* **Exercise requirements**: Starting at the line that contains "Detailed view of" and ending at the line that contains "En kvinna med", the lines below are to be given again exactly, with nothing added.

(Stored items)
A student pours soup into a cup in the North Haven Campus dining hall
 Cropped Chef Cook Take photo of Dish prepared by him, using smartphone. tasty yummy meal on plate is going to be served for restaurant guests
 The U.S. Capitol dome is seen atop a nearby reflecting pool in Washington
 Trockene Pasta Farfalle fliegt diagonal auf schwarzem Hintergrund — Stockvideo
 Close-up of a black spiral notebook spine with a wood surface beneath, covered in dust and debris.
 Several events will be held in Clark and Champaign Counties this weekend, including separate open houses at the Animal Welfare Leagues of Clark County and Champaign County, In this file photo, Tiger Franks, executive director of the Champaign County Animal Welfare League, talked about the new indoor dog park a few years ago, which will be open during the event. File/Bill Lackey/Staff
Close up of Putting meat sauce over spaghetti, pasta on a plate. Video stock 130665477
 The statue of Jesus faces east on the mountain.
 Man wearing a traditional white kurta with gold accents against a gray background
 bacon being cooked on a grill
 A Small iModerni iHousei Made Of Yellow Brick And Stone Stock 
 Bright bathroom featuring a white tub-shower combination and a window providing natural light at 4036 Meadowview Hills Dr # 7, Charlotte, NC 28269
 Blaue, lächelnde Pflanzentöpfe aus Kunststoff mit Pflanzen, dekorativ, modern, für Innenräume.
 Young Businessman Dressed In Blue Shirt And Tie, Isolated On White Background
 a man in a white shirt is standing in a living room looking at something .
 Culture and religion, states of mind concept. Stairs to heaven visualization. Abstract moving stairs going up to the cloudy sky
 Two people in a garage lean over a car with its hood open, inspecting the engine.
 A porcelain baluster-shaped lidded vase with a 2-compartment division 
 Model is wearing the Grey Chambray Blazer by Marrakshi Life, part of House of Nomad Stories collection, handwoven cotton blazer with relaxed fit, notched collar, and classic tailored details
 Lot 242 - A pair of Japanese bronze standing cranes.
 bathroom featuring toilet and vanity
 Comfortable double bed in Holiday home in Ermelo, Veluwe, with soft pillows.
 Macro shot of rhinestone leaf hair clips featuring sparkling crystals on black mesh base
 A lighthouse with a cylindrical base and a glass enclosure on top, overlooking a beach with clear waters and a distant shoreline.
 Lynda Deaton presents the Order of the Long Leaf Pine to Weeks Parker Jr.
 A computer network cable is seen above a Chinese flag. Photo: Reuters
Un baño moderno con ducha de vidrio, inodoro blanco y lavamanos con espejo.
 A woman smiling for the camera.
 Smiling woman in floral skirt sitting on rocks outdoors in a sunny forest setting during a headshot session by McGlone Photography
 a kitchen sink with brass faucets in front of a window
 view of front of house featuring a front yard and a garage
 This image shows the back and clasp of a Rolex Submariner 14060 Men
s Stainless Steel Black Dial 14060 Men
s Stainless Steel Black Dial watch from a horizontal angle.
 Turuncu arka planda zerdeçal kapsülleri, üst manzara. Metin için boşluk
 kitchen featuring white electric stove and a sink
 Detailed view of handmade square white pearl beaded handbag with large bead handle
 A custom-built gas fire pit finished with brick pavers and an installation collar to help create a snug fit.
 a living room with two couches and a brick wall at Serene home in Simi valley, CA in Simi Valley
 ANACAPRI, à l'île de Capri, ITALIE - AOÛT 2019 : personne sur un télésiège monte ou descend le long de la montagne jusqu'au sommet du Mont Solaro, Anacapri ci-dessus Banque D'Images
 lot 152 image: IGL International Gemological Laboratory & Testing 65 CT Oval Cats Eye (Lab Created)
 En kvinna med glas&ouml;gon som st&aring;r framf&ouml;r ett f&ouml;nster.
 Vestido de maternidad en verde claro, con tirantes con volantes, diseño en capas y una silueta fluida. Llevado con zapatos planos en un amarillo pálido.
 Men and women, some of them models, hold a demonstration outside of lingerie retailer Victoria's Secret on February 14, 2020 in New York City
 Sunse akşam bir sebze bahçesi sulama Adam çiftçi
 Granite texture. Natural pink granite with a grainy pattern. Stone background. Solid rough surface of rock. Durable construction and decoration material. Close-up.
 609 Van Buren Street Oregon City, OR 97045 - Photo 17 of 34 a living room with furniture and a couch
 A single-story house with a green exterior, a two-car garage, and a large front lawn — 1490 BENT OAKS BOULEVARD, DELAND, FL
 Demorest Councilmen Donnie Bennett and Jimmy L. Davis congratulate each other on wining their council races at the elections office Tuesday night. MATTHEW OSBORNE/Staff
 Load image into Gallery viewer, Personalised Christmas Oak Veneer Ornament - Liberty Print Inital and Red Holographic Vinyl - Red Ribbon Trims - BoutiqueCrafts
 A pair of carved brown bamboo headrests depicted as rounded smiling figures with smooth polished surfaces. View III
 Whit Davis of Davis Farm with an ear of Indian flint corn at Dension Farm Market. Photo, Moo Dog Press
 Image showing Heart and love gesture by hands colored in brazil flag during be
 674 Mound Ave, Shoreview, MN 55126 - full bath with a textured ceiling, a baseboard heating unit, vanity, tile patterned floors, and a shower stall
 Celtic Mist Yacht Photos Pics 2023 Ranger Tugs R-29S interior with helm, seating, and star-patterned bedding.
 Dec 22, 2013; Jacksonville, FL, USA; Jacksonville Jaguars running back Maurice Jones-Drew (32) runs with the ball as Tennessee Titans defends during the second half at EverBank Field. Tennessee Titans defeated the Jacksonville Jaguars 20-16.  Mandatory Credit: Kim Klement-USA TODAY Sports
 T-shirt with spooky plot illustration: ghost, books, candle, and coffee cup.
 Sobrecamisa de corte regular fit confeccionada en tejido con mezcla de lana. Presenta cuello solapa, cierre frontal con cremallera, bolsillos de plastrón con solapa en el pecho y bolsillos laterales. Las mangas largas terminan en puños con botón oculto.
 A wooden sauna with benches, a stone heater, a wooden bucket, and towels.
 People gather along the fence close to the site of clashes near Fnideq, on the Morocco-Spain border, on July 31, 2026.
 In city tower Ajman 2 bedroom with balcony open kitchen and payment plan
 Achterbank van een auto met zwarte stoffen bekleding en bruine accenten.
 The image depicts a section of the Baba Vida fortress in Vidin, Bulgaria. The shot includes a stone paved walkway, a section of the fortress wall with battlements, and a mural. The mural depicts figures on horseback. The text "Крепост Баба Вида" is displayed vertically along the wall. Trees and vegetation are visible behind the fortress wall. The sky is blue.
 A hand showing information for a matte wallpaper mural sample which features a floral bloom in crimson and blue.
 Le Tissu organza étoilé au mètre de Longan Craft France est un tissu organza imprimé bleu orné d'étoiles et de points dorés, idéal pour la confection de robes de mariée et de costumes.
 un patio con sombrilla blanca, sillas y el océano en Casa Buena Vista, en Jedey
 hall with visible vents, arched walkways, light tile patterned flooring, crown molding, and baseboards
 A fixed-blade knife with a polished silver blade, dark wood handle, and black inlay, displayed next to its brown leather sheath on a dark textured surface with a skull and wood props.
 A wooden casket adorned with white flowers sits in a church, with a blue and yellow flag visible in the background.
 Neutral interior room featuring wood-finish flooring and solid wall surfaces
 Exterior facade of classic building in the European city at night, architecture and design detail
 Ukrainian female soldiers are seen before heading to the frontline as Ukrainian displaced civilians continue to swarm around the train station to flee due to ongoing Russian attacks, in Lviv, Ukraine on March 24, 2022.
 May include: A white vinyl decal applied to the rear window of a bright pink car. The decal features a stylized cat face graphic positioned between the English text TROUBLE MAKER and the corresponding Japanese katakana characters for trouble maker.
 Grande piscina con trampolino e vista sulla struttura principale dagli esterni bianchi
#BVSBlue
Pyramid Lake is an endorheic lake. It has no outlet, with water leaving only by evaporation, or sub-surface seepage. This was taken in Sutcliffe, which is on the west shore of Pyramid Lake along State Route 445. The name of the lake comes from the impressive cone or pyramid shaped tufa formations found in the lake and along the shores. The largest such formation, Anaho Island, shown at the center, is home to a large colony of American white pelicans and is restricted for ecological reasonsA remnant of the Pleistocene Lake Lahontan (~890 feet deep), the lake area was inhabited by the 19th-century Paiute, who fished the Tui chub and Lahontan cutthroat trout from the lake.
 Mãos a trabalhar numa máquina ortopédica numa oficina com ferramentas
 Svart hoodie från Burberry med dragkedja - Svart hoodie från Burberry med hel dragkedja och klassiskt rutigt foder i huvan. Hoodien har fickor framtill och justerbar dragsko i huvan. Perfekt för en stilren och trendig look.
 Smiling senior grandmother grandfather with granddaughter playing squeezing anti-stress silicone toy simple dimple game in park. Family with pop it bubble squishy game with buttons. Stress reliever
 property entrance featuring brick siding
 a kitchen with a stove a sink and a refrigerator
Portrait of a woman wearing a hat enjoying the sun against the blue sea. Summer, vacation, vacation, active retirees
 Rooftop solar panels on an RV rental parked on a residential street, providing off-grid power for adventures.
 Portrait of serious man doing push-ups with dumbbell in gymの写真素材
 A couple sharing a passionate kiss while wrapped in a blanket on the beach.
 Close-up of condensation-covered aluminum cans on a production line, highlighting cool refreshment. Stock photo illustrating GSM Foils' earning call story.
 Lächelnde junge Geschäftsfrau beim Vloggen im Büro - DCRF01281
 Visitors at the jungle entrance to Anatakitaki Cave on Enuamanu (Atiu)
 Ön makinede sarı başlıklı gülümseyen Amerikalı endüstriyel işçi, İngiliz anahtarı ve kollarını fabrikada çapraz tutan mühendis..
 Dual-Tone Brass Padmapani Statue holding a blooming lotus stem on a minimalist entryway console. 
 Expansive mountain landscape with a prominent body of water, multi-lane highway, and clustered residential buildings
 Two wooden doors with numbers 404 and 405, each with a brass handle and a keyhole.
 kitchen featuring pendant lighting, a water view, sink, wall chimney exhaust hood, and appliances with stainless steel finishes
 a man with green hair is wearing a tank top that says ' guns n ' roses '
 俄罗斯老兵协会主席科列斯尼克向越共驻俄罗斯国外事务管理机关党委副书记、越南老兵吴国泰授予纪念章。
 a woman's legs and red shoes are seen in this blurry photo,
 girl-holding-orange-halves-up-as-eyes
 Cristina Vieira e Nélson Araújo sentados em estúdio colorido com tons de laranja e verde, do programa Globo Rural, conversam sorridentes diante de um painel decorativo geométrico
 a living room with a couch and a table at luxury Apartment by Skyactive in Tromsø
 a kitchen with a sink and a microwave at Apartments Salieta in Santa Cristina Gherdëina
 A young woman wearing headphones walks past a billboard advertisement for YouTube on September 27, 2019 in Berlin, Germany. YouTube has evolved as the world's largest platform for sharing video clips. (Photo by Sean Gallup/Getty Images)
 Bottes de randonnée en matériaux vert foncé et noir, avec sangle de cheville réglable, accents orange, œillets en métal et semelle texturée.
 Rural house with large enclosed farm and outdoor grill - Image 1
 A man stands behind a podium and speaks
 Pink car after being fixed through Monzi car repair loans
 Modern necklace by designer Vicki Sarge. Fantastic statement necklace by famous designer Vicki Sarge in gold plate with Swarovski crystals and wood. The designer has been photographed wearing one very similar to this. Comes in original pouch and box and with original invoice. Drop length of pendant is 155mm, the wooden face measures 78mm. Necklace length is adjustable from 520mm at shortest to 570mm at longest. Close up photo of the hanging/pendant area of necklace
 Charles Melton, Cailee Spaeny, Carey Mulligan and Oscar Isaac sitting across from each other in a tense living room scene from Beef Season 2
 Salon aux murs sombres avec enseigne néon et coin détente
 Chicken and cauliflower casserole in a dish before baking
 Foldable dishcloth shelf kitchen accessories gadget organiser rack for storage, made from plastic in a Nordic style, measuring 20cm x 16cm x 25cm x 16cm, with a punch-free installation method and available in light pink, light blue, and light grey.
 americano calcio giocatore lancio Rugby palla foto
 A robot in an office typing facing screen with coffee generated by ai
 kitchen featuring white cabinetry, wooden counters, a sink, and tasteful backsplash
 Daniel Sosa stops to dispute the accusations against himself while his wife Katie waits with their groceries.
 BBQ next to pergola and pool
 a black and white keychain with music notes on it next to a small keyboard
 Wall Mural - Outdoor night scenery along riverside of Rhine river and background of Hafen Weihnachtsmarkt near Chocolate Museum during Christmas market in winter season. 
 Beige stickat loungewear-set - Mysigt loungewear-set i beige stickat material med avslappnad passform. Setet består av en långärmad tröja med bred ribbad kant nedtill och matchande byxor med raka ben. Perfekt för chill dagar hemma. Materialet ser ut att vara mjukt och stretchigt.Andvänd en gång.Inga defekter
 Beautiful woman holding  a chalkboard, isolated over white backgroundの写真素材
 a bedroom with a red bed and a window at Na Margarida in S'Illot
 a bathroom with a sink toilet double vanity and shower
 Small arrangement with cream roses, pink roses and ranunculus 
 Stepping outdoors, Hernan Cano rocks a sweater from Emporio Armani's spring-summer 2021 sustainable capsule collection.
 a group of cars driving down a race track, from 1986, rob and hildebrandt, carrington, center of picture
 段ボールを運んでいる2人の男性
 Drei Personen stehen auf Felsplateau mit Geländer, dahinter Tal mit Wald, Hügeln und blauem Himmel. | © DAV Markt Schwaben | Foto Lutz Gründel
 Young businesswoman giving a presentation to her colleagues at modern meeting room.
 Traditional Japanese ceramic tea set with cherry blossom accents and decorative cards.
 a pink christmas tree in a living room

* **Response box**:
 Detailed view of handmade square white pearl beaded handbag with large bead handle
 A custom-built gas fire pit finished with brick pavers and an installation collar to help create a snug fit.
 a living room with two couches and a brick wall at Serene home in Simi valley, CA in Simi Valley
 ANACAPRI, à l'île de Capri, ITALIE - AOÛT 2019 : personne sur un télésiège monte ou descend le long de la montagne jusqu'au sommet du Mont Solaro, Anacapri ci-dessus Banque D'Images
 lot 152 image: IGL International Gemological Laboratory & Testing 65 CT Oval Cats Eye (Lab Created)
 En kvinna med glas&ouml;gon som st&aring;r framf&ouml;r ett f&ouml;nster.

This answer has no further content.